● **Problem to work on**:
Go to the line containing "PBSA News Entrance" in the records below and print it and every following line exactly, on through the line containing "Black collared shirt", then stop.

START Exercise data

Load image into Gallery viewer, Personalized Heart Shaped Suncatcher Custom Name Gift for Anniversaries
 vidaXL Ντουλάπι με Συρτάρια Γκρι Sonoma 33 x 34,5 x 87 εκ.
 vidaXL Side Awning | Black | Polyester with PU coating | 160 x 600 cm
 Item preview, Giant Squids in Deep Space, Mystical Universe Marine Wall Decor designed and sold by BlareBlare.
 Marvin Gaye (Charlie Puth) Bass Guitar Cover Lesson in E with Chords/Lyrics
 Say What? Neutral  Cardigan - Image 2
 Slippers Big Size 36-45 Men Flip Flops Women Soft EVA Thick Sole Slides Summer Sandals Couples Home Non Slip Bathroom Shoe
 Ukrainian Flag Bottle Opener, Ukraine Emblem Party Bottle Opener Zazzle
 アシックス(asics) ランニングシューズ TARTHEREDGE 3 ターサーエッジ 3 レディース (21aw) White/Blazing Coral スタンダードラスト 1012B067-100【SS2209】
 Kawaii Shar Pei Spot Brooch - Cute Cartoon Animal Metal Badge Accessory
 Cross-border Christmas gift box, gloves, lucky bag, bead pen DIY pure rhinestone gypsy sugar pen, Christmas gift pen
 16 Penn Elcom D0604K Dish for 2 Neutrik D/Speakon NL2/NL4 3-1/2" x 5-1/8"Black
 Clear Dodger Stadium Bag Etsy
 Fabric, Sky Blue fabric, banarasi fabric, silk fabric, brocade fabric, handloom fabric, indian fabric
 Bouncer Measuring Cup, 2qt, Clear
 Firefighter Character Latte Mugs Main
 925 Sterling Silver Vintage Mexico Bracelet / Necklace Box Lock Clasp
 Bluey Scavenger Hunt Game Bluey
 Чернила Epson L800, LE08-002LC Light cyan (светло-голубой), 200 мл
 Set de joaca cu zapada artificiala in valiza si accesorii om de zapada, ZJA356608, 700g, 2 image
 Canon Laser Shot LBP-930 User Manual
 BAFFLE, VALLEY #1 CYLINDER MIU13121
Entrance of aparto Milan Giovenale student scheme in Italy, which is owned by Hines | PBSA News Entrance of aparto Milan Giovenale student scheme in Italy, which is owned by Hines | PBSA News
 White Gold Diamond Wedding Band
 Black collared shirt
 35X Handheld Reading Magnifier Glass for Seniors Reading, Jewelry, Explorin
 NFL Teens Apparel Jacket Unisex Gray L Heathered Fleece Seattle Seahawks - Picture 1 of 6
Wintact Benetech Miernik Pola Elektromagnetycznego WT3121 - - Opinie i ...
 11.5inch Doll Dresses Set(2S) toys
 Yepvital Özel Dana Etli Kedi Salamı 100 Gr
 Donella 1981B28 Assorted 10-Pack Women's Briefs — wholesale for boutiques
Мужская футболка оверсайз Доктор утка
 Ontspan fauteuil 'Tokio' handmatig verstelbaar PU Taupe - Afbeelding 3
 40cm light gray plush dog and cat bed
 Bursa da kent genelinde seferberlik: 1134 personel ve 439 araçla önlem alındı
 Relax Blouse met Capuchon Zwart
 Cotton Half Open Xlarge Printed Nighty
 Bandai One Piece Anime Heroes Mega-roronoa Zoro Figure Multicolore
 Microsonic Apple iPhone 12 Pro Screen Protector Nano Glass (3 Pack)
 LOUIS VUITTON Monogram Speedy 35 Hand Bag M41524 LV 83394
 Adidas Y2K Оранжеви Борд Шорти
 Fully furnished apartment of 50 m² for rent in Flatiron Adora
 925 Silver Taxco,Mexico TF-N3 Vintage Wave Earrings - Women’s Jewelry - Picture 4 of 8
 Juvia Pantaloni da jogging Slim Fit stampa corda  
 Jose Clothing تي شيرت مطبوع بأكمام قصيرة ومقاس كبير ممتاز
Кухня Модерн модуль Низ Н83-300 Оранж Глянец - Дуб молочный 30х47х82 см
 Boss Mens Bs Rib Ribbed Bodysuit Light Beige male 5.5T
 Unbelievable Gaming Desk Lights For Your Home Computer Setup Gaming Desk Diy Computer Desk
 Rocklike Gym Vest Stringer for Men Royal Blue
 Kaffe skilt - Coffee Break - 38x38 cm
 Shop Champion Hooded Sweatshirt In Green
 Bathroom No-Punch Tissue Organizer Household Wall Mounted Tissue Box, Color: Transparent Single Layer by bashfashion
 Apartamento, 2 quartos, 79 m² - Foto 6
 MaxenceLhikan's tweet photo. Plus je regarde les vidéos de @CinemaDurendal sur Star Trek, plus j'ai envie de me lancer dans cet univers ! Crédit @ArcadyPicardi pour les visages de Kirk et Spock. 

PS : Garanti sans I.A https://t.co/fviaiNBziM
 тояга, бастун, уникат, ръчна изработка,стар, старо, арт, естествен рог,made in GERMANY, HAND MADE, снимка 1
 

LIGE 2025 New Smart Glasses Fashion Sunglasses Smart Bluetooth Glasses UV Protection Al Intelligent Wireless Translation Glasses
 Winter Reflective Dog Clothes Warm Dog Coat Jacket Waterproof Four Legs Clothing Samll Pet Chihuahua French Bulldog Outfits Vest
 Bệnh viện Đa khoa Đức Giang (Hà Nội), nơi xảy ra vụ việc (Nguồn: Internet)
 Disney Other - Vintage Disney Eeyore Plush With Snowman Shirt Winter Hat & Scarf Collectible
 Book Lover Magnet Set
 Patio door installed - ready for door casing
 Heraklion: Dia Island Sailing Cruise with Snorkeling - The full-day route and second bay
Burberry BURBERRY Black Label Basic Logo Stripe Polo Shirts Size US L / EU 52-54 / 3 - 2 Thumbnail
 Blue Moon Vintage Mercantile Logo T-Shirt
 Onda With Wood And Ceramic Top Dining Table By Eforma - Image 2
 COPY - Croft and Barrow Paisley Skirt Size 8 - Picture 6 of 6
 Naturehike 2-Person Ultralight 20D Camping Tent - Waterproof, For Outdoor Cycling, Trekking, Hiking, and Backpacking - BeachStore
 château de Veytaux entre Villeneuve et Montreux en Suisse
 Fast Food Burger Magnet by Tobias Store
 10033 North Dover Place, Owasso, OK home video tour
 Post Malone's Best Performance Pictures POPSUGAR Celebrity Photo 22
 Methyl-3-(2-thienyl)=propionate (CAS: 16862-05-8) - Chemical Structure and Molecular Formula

END Exercise data

● **The completed task**:
Entrance of aparto Milan Giovenale student scheme in Italy, which is owned by Hines | PBSA News Entrance of aparto Milan Giovenale student scheme in Italy, which is owned by Hines | PBSA News
 White Gold Diamond Wedding Band
 Black collared shirt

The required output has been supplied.